In the end I achieved my goal. Having the camera level with the table and looking straight down the columns on each side I got the desired effect. Now I can lead the spectator down the parade past all the columns to the Roman building at the end in triumph.
As I had all these pegs in place i wondered what would happen if I placed a mirror at the end, would it lengthen the column of pegs of have some other effect. Would it have the reverse effect of the perspective we see from the front?
When I places a mirror at the end of the column, it didnt seem to have a big effect, till you look at the place mats reflected. They did, quite increasing, carry on getting smaller and narrower. Maybe if I had carried the peg columns further on we would have seem a difference in the way the pegs were perceived.
In the final image on the right, I have added the salt and pepper sellers, filling the foreground, I think this added to the image and leads the viewer straight down towards the pegs at the far end. I have achieved depth in the image, (and the pegs don’t look like pegs anymore)
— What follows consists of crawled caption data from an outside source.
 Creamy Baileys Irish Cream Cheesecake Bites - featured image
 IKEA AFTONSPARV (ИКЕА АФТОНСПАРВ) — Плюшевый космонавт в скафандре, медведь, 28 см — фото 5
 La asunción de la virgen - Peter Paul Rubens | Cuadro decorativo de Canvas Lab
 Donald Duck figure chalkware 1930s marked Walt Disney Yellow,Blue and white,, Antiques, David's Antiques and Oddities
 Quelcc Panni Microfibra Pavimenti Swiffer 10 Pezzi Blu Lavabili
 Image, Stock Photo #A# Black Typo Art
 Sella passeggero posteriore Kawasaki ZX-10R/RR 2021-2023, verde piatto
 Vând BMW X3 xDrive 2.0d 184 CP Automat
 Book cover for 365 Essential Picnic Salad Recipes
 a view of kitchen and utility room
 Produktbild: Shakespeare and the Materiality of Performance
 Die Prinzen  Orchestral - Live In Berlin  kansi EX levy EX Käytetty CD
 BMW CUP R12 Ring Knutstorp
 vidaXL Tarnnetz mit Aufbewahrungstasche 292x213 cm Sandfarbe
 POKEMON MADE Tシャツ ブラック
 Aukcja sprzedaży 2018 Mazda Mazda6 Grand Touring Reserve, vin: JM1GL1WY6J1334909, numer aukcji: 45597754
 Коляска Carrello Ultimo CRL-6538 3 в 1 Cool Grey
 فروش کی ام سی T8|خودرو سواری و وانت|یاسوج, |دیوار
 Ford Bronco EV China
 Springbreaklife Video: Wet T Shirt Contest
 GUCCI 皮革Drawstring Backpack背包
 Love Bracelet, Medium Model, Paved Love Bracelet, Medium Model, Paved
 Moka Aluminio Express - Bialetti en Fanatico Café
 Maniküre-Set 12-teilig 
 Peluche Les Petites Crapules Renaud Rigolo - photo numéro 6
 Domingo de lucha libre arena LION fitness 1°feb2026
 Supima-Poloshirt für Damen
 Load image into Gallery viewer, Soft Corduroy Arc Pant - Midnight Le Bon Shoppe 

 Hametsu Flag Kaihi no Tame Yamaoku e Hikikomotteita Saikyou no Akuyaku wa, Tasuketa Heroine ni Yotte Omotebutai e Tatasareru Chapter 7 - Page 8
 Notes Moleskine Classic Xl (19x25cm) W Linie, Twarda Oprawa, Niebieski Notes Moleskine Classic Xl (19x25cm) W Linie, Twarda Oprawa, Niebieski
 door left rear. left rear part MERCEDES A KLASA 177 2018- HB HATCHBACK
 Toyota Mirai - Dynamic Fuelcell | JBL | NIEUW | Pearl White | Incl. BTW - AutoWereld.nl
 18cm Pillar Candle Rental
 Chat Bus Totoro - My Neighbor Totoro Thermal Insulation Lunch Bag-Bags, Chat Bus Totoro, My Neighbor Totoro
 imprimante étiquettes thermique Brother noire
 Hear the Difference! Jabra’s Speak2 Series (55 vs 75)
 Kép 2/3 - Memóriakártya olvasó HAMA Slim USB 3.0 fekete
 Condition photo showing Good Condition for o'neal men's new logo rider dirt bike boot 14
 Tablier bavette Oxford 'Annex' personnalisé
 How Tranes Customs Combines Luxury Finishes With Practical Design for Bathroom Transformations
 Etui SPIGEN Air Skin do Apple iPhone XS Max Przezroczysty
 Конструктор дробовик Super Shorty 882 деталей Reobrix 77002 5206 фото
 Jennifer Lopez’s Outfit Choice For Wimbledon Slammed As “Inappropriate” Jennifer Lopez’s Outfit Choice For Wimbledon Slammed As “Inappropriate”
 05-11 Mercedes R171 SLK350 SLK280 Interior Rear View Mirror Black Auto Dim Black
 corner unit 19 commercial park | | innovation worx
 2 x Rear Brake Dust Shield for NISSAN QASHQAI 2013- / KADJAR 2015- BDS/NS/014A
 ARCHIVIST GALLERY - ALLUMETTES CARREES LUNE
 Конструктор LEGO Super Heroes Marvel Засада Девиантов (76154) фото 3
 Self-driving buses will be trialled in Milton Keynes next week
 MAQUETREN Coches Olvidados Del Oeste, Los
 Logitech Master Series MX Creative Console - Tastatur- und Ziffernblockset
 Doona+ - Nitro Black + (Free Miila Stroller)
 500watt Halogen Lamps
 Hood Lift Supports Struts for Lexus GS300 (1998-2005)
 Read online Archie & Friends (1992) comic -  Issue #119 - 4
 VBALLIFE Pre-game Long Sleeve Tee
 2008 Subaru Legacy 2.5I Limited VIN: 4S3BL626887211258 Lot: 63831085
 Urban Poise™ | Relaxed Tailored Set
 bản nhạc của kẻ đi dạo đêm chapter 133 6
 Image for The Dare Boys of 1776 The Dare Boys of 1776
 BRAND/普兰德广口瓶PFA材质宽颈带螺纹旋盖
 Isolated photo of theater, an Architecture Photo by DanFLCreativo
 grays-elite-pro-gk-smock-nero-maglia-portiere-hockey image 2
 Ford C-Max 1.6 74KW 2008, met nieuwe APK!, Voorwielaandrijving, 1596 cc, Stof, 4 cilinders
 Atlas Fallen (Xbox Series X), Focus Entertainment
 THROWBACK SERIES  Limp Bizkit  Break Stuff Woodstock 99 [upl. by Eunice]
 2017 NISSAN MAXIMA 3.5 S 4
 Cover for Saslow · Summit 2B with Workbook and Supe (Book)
So onto the ploughed field visit that I had planned. A chopping baord, kitchen work top, natural light form the window (without the reflection from the window pain) and ofcause the soil, in this case, a jar of mixed herbs from the kitchen cupboard.
Learning my lesson from the previous shots, I lined the camera on the tripod, level with the kitchen work top, and I got the desired effect, but something was missing. So I added a backdrop, first the monkey plant holder then the kitchen roll.
So I added a backdrop, first the monkey plant holder then the kitchen roll. This seemed work better, adding a focus in and giving an increased perception of depth.
Finally I decided to move around a little and took more shots from different angles and positions as can be seem in the shots below.
The final shot was what I wanted to achieve. Lines reducing in size and having the focus in the foreground.
I even have a tractor in this shot, on the upper left of the frame, but to everyone else it may look like an empty herb jar!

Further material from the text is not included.